For companies, Preferential Bidding Systems creates a line solution in one process without the need for pre-built bid lines followed by a post-award trading phase. It also eliminates the costs associated with conflicts between pre-built bid lines and carry-in/pre-assigned activities. Consequently, fewer reserve crewmembers are needed, especially at the beginning of the bid month. Furthermore, the simpler process allows crew planners extra time to handle last minute schedule changes.
Clearly, a PBS solution can greatly benefit both the crewmember and the company if implemented correctly. It improves crewmember convenience while reducing costs for the company and definitely deserves consideration for any airline.
In general, PBS offers following bidding options:
Off days: Bid to have certain dates off. It is the easiest and most popular bid.
Pairings: Bid for a specific pairing. It could be by pairing ID, or pairing IDs on specific dates or weekdays.
Pairing Properties: Bids for certain pairing attributes, such as report time between, release time between, connection duration, layover duration, layover cities, length of pairings, commutable pairings, standup pairings (CDO, Continuous Duty Overnight), sub-equipment type, average credit, deadhead preference, landing cities, and number of landings per duty, different base, etc.
Line Characteristics: Bids for certain line characteristics, such as average line credit, maximum days off, commutable work block, cadence, trip mix types, and work block size, off-day between work blocks, etc.
On Date General Bids: Bids for specific dates, such as report time between on specific date, release time between on specific dates, pairing length on specific dates and layover city on specific dates.

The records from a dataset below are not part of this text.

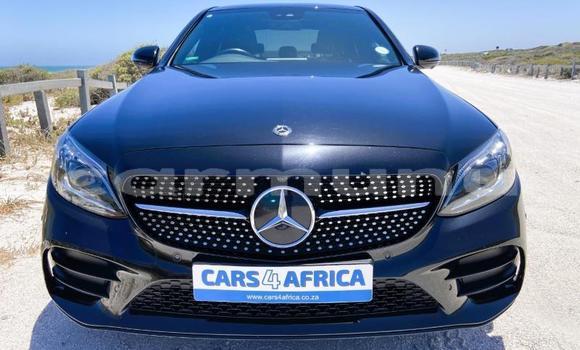 Acheter Occasion Voiture Mercedes-Benz C–Class Noir à Import - Dubai, Région de la Bouenza Acheter Occasion Voiture Mercedes-Benz C–Class Noir à Import - Dubai, Région de la Bouenza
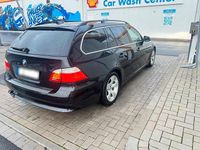 Gebraucht BMW 520 177 PS (130 kW) 2009 Schwarz Kombi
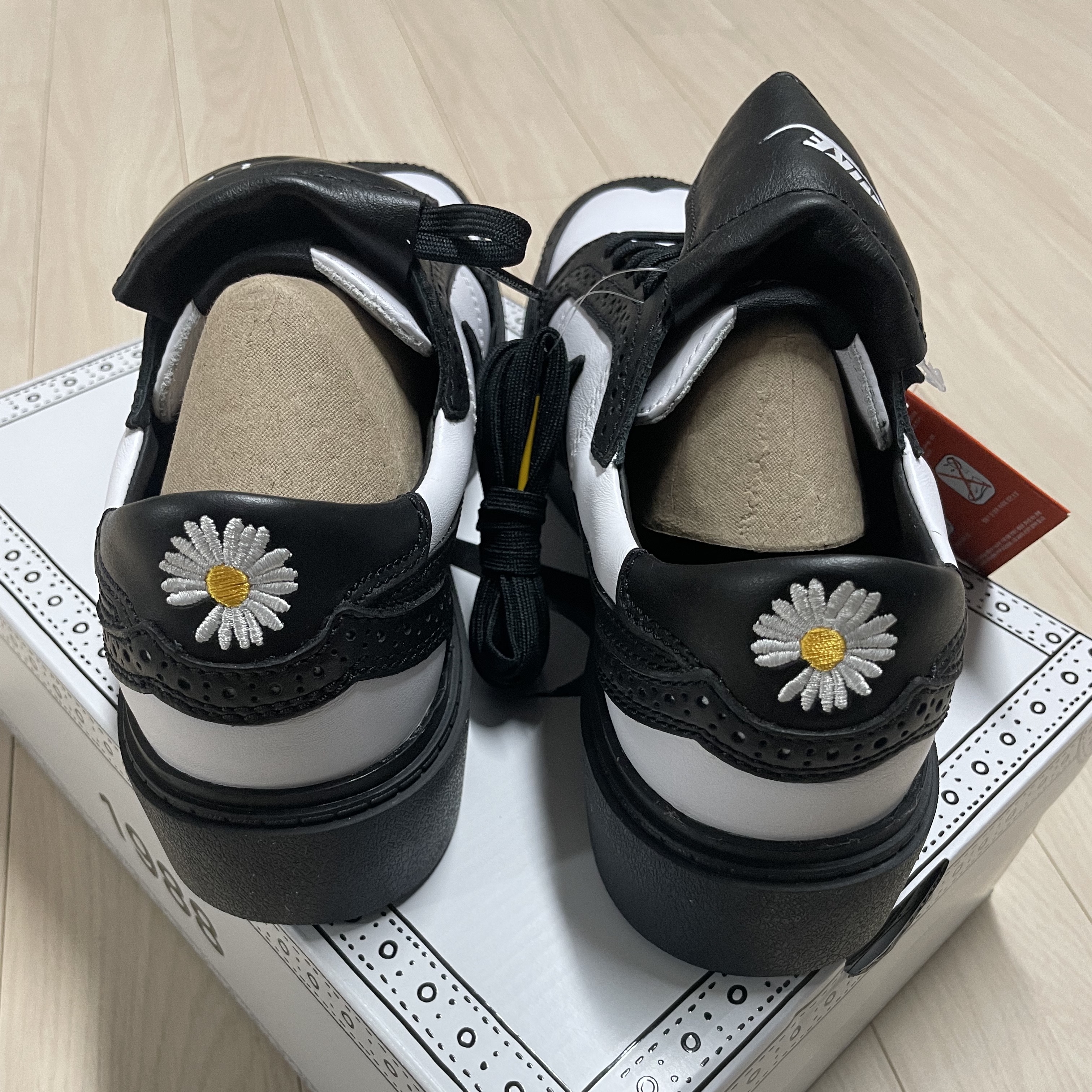 Nike x Peaceminusone Kwondo1 Black and White 착용 스타일 - 2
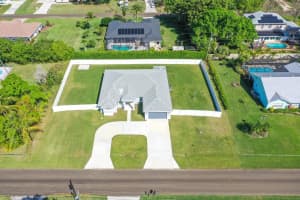 2017 Sw Justison Avenue, Port Saint Lucie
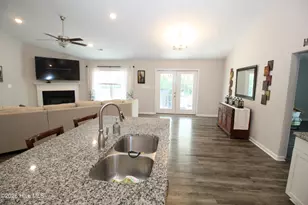 218 Patriot Dr, Newport, NC 28570 - Photo 5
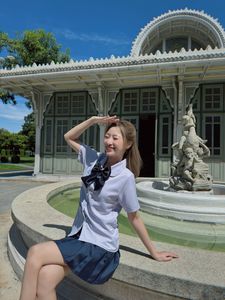 Hot girl Linh Kul in traditional Ao Dai with Vietnamese flag shares beautiful peace message for National Day 2/9-4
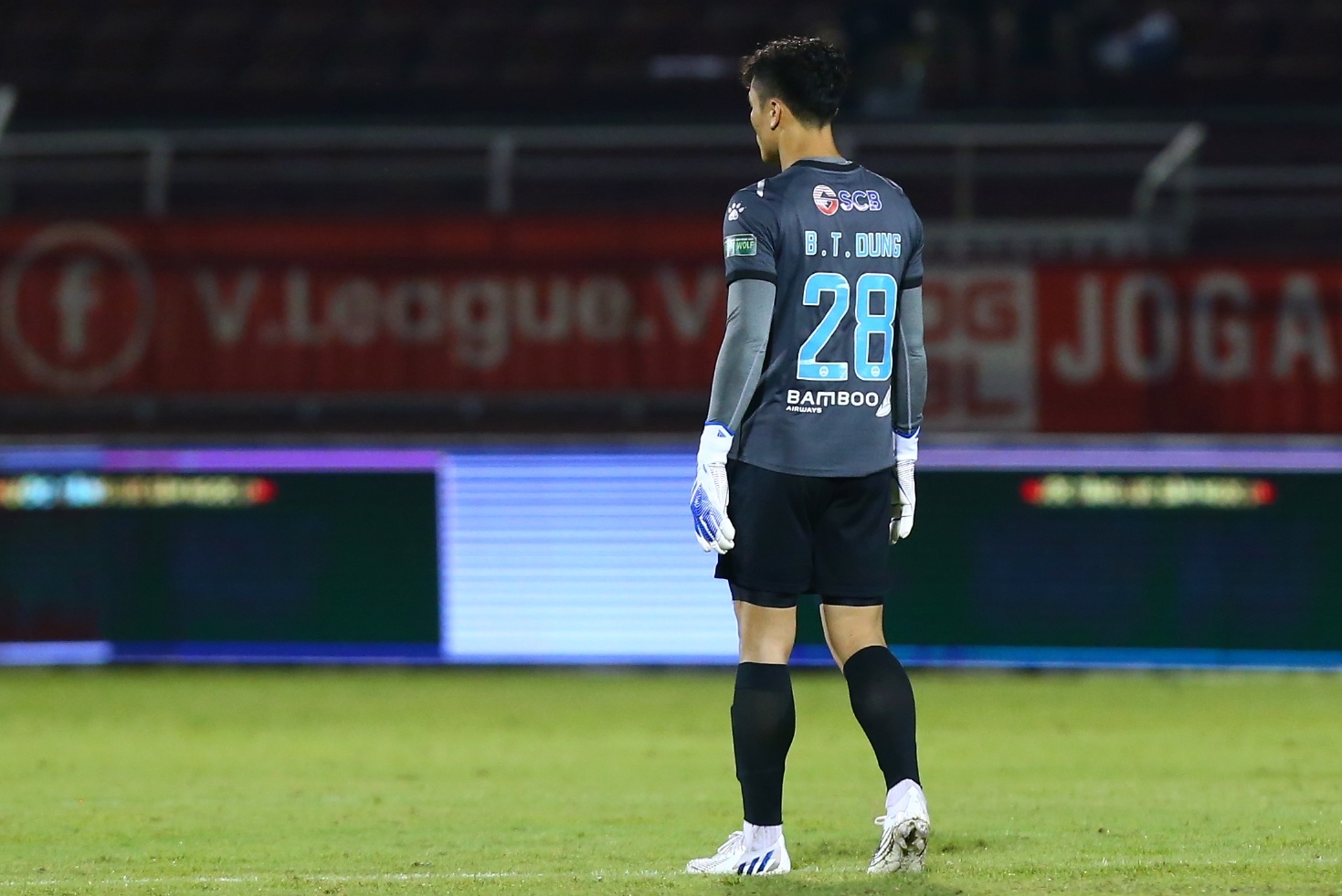 Bui Tien Dung sai lam truoc HAGL anh 6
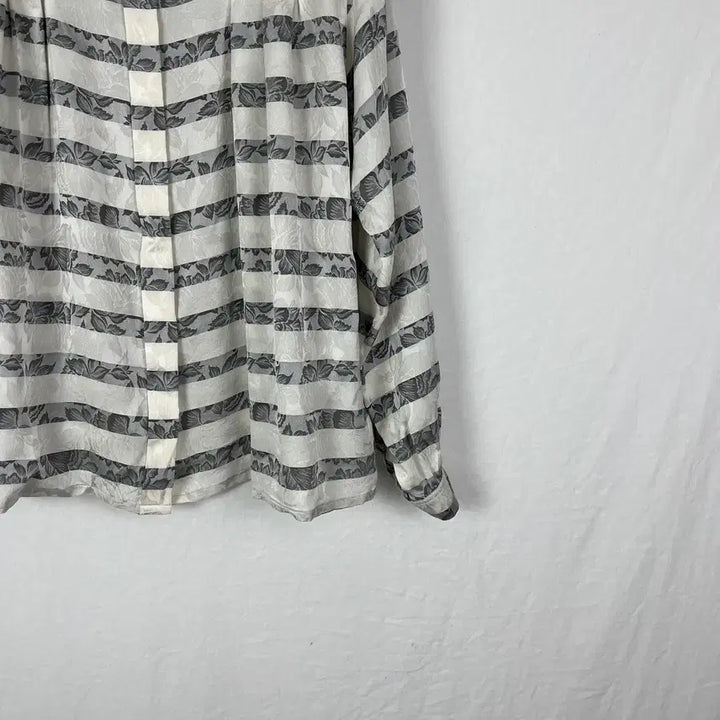 [BUNJANG] Christian Dior Floral Pleated Collar Silk Shirt / 90s Christian Dior 플라워패턴 플리츠 카라 실크 셔츠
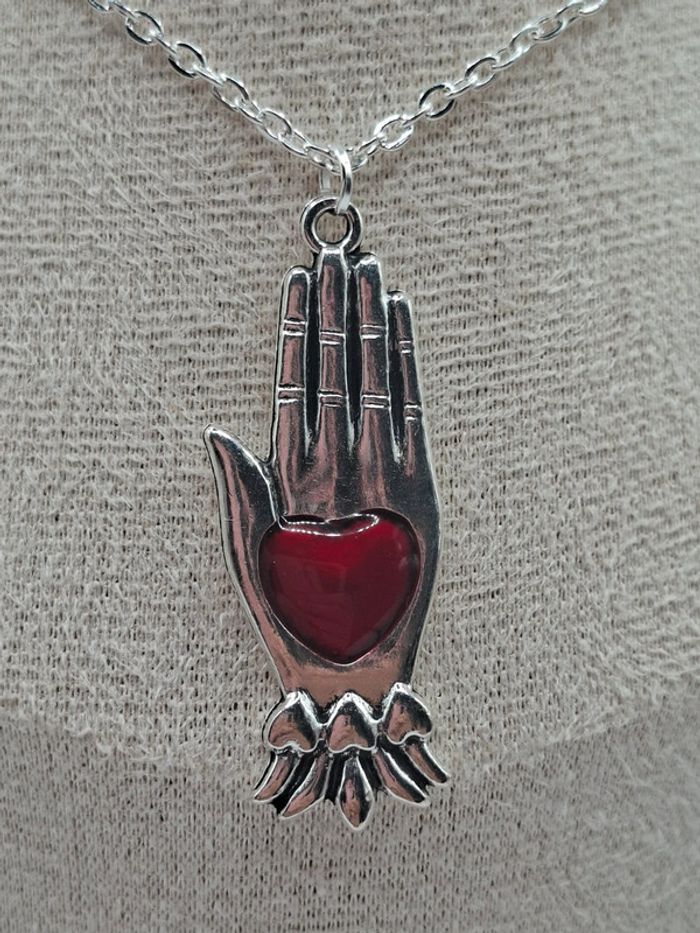 Collier main avec son cœur au centre - photo numéro 2
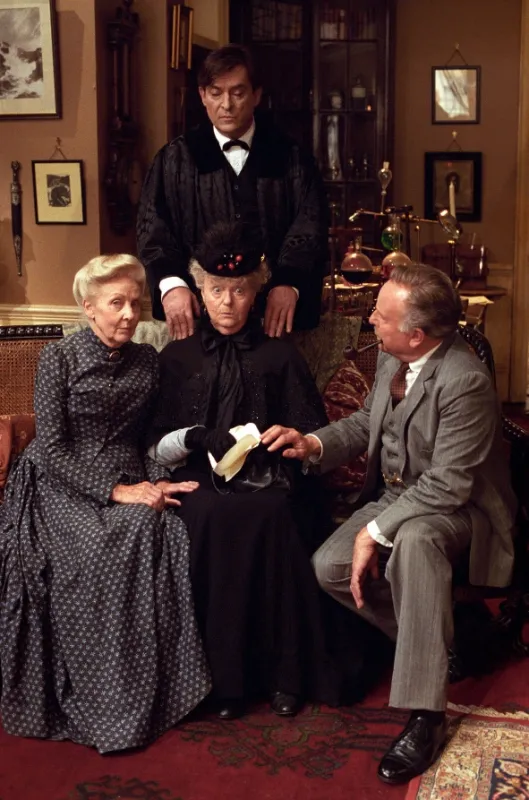 Z pamětí Sherlocka Holmese (The Memoirs Of Sherlock Holmes), 1994 - fotogaléria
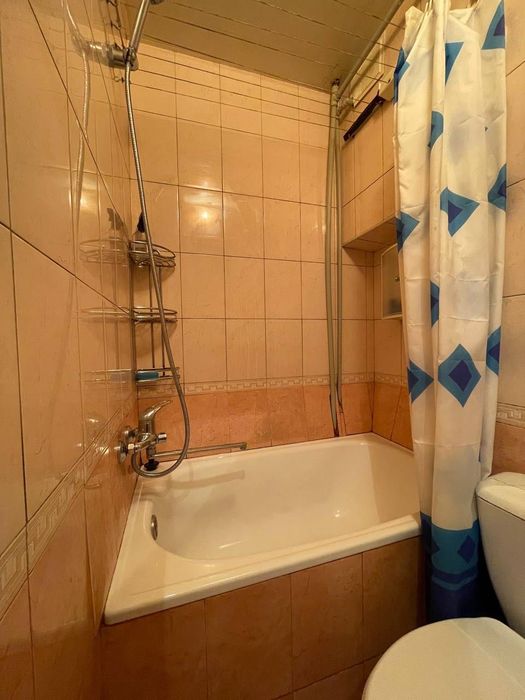 Продаж 2х кімнатної квартири біля парку Зелений Гай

Fly Avoid or Fly With: Bids to fly avoid ( such as check airman or a specific crewmember) or fly with specific crewmember.
Position: The position preference is for flight attendants such as service director, or different language positions.
Reserve: Bid preferred reserve off-days/properties or pre-built reserve hard lines and to bid as line holder or reserve alternatively. Or bid reserve duty dates in a combo line, a line contains both bid month pairings and reserve duties.
Pre-Built: Bid pre-built hard lines (such as true CDO lines).
In addition, most systems offer "Standing Bids". These are a collection of each crewmembers' personal preferences. If a crewmember ever forgets to make a bid for a month, the system will use his/her Standing Bids to award line.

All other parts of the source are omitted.